Сцена истории убитых у ворот Майо рисует читателю новые пути жизни и бодрости. Смерть объединяет восставших, смерти как ощущения нет, революция есть радость, бодрость, жажда жизни, полной тревог, борьбы и завоеваний.
Художник Буиссон, которому время уже появиться, так как это очень показательный тип в условиях Коммуны, насчитывавшей много сторонников, союзников или временных провожатых из интеллигенции, бежит из своей комнатушки за непонятной утренней темой. Она приводит его в ряды сражающихся.
Восстание быта, привычек, чувств, жизненного распорядка и социальных интересов меня интересовало сильнее, нежели восстание чисто батальное. Стратегия партийной резолюции, я сказал бы, предельно лирична. Ничто, не возбуждающее рассудка, не отвечающее логике социального интереса, ничто безразличное или невыясненное не может играть в революции роли. Капитан Лефевр ведет бой в городе, я сужаю границу действий до одного дома и тем самым расширяю трактовку этого маленького и в общем незначительного сражения до некоторой символической картины проломов и смешения человеческих бытов. В процессе работы над этой сценой возникает фигура девочки, играющей «Марсельезу». Быть может, это первый и единственный раз, когда ей приходится участвовать в движении и даже в некоторой степени вести его, возглавлять музыкой. Дальше в повести эта девочка не встречается. Возникает актриса Елена Рош, труднее встречающая новый день, чем эта девочка, но нашедшая силы бросить себя в революцию целиком. Когда это случится в повести, я еще тогда не знал, но как произойдет, – это я себе уже наметил наброском сцены в театре. Возник интернациональный батальон. Его я отдал под команду Бигу, старого водопроводчика. Мне хотелось, чтобы этот Бигу вышел из самого затруднительного положения, в которое поставила его обстановка.

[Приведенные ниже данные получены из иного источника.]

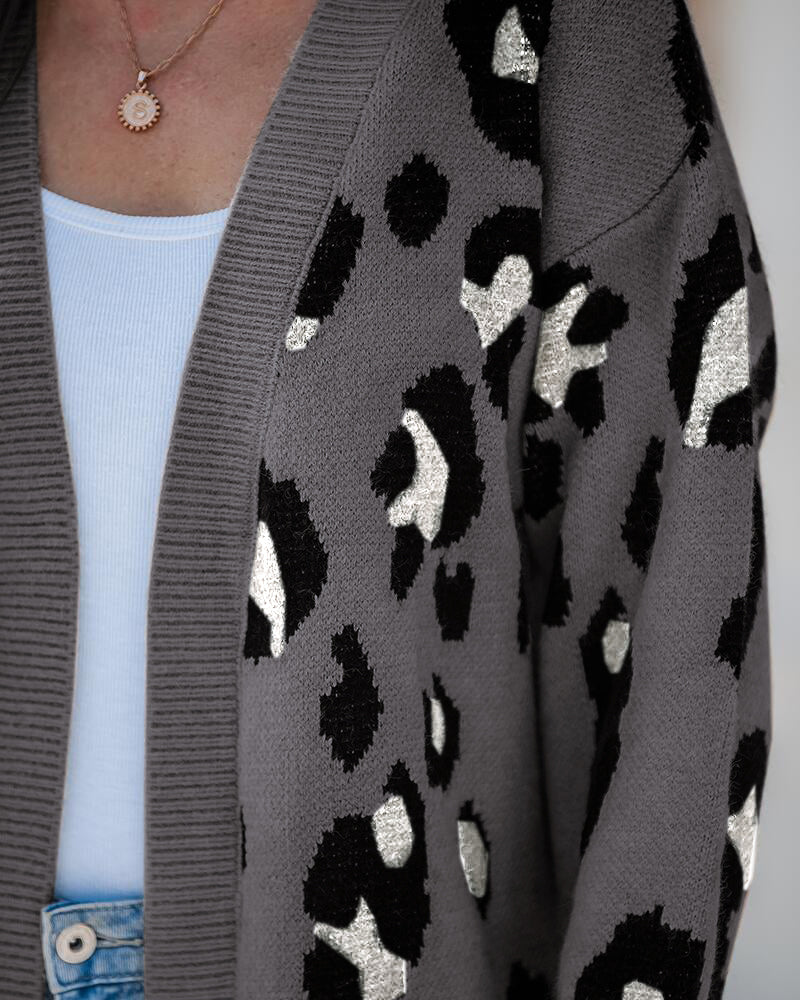 Leopard Cardigan — Noélla Montréal
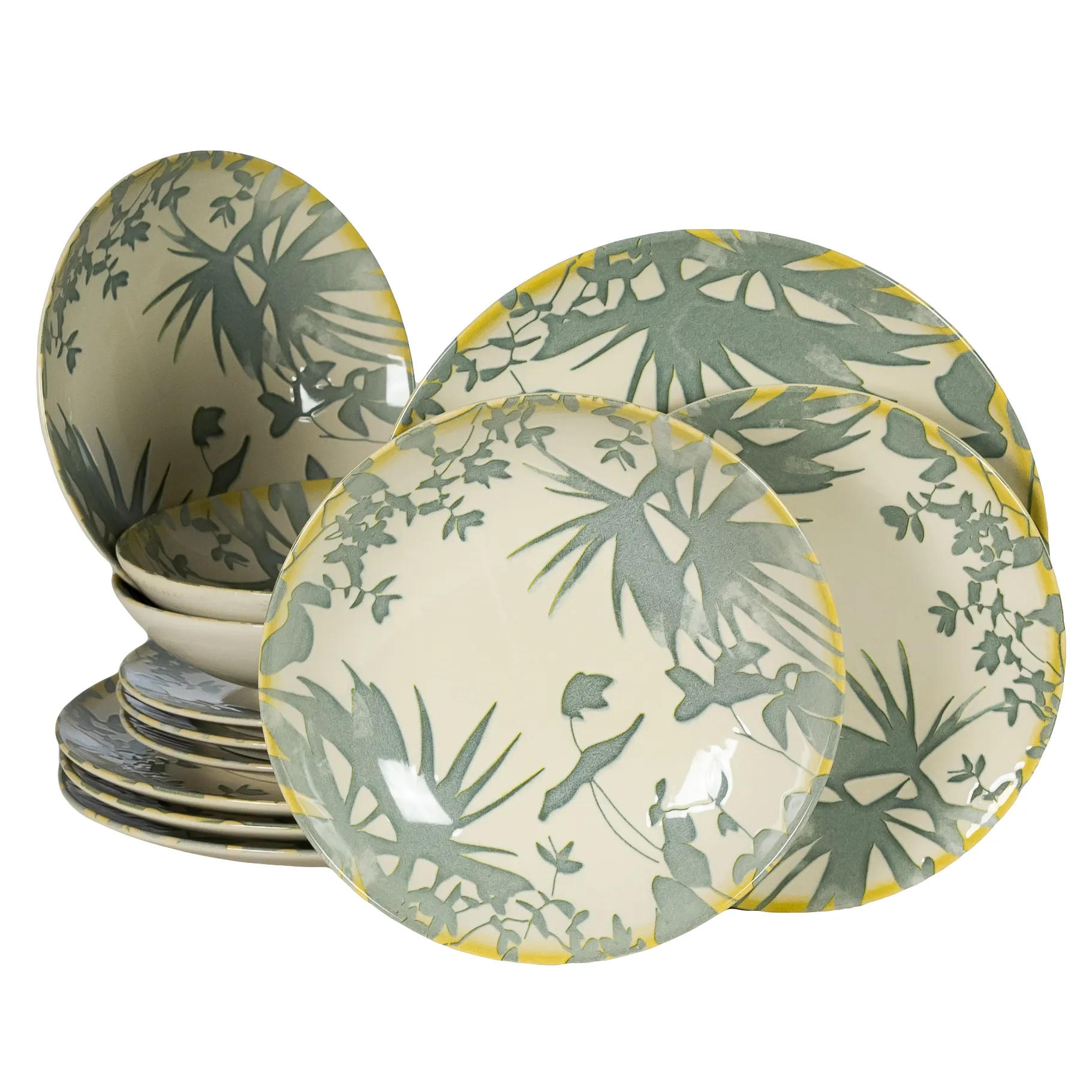 Farfurie Desert Summer 44 Gri ( 20 cm diametru) [5]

Написав все это, я остановился.
Кто у нас знает или хотя бы представляет себе Париж и французов 71-го года? Таких людей немного. Все, что я рассказываю, будет очень отвлеченным, отторгнутым от понятной обстановки, если я не займусь описанием места действия. Предоставленный самому себе, читатель может руководствоваться какой-либо случайной исторической ассоциацией. Между тем я не хотел, чтобы читатель очень уж рьяно уходил в историю. Я хотел держать его очевидцем недавних событий, таких, подобные которым встречались не раз ему самому. Следовательно, мне нужен был помощник, проводник по Парижу, но проводник не экзотический, не сказочник, а живое лицо, знакомая читателю фигура, человек, который мог бы ему встретиться завтра на улице. Вместе с тем человек этот должен быть взят исторически правильно, не надуманно.
Я остановился на типе иностранного журналиста, левого по убеждениям человека, каких действительно было немало в Париже весною 71-го года. Такой человек мог смотреть на город и восстание несколько со стороны, глазами иностранца, и подчеркивать то, что следовало подчеркнуть русскому читателю, тоже иностранцу в отношении Парижа.
Такой человек, кроме того, должен быть хорошо знаком советскому читателю. Это частый гость наших заводов, институтов и колхозов, зарубежный левый интеллигент, каких много перебывало у нас за шестнадцать лет революции. Чтобы намеренно осовременить моего Коллинса, я строил его дневник на опыте другого действительного дневника, принадлежащего иностранному литератору, приезжавшему к нам, кажется, в 1920 году. В дневнике Эдуарда Коллинса, рассыпанном по всей книге, я даю фон событий, реальную обстановку, хроникерский очерк восстания.
В дневнике Коллинса я иногда заново освещаю рассказанное раньше или подготовляю к действиям, которые затем происходят вне поля зрения Коллинса.
Я думаю, что Коллинс помог мне сделать книгу компактнее и короче.